#### [What needs to be done]
Once you find the line with "Bestco Food Mart Spicy Beef offer" in the data below, transcribe exactly each line from there to the line with "Renault Clio, 2009", inclusive, and nothing else. Drop the pictures.
Start of Data for this exercise
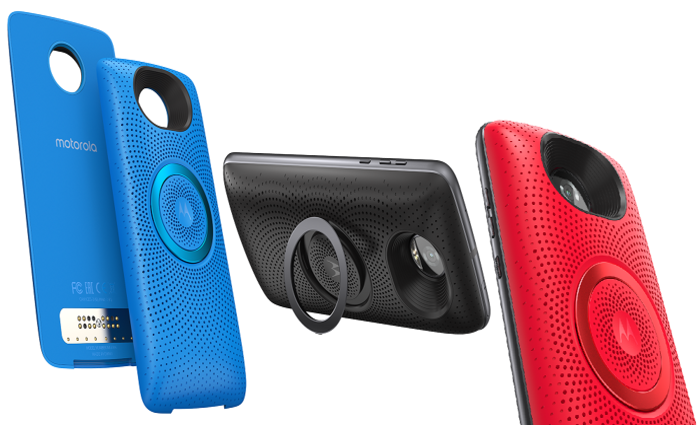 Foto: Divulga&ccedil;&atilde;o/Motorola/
End of Data for this exercise
Start of Data for this exercise
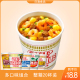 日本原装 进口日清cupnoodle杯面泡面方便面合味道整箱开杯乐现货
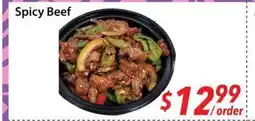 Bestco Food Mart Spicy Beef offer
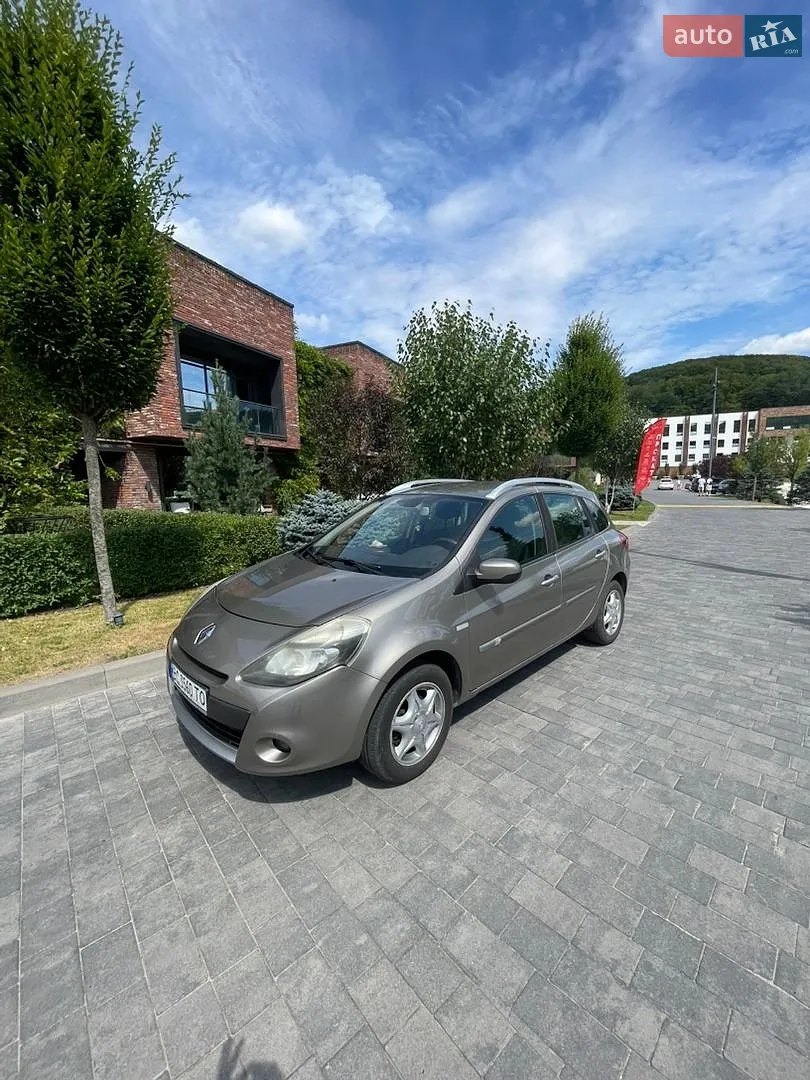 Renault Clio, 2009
End of Data for this exercise
Start of Data for this exercise
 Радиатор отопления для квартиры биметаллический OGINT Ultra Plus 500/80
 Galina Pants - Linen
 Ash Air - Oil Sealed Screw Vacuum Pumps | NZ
End of Data for this exercise
#### [Task answer]
 Bestco Food Mart Spicy Beef offer
 Renault Clio, 2009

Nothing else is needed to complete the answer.